Detection of Aspergillus DNA by a nested PCR assay with high sensitivity and specificity rates is able to improve the diagnosis of invasive aspergillosis in paediatric patients
Abstract number: O451
Hummel M., Spiess B., Roder J., von Komorowski G., Duerken M., Kentouche K., Laws H., Moerz H., Buchheidt D.
Background. Fungal infections are a leading cause of morbidity and mortality in severely immunocompromised patients with an increasing incidence in recent years. IA is the most common filamentous fungal infection and is, in adults as well as in children, difficult to diagnose. To improve the outcome of patients with invasive aspergillosis (IA), early diagnosis and treatment initiation is crucial.
Several PCR assays to detect Aspergillus DNA have been established, but so far, studies on molecular tools for the diagnosis of IA in children are few.
We evaluated the results of a nested PCR assay to detect Aspergillus DNA in clinical samples from paediatric and adolescent patients with suspected IA.
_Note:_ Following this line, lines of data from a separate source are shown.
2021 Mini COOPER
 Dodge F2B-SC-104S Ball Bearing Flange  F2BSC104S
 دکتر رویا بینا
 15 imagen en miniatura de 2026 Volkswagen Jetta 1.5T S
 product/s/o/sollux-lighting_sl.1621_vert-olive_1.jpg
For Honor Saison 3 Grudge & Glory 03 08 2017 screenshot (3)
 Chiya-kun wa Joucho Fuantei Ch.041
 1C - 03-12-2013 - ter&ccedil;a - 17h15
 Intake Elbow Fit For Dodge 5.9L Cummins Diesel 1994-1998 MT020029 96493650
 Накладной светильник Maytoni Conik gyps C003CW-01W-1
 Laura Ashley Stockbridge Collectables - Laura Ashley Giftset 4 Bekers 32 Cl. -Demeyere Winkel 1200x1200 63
Methods. Blood and non-blood samples from immunocompromised paediatric and adolescent patients with suspected invasive fungal infection were sent for processing Aspergillus polymerase chain reaction (PCR) to our laboratory and investigated with our previously described nested PCR assay. PCR results from consecutive patients from three university children hospitals investigated between November 2000 and January 2007 were evaluated. Fungal infections were classified according to the EORTC classification on the grounds of clinical findings, microbiology and radio-imaging results.
Results. 291 samples from 71 patients were investigated for the presence of Aspergillus DNA by our previously described nested PCR assay. Two, 3 and 34 patients had proven, probable and possible IA, respectively. Aspergillus DNA was detected in blood, cerebrospinal fluid (CSF) and in bronchoalveolar lavage (BAL) samples. Sensitivity and specificity rates of the PCR assay were 80 and 81%, respectively
Conclusion. Our nested PCR assay is able to detect Aspergillus DNA in blood, CSF and BAL samples from paediatric and adolescent patients with IA with high sensitivity and specificity rates. PCR for Aspergillus DNA contributes essentially to improve the diagnosis of IA.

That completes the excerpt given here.